(Information supplied Opens)

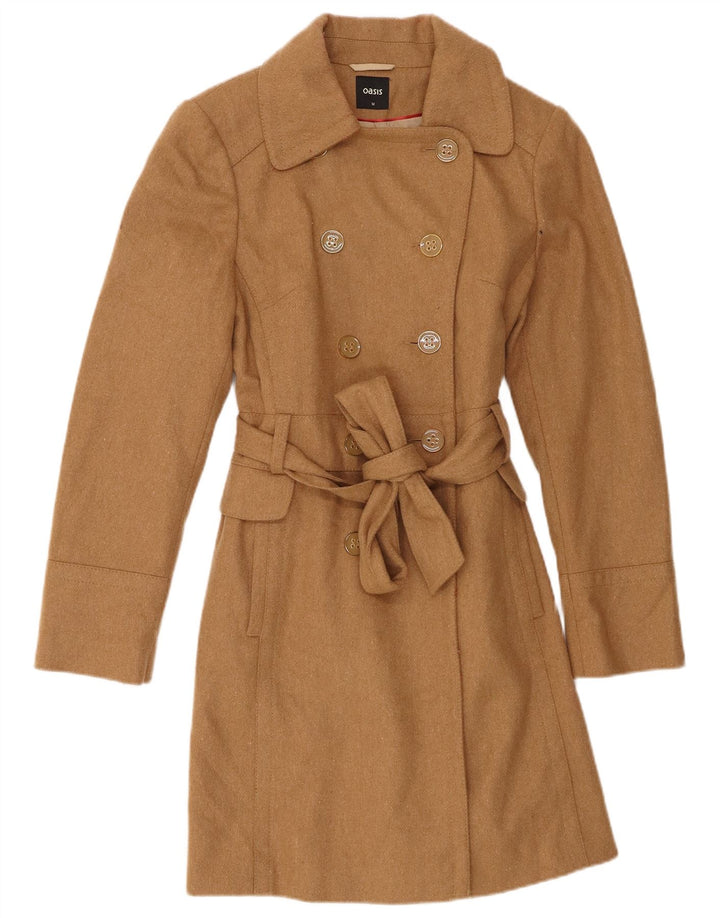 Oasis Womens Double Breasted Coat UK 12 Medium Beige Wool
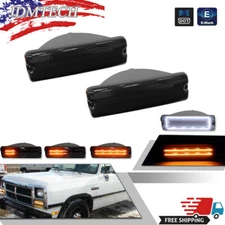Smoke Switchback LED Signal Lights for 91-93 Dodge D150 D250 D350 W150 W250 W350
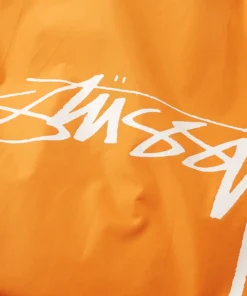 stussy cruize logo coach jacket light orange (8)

(Information supplied Closes)

> [Exercise description] Without including any picture, reproduce all of the material exactly.

> [Solution]
 Oasis Womens Double Breasted Coat UK 12 Medium Beige Wool
Smoke Switchback LED Signal Lights for 91-93 Dodge D150 D250 D350 W150 W250 W350
 stussy cruize logo coach jacket light orange (8)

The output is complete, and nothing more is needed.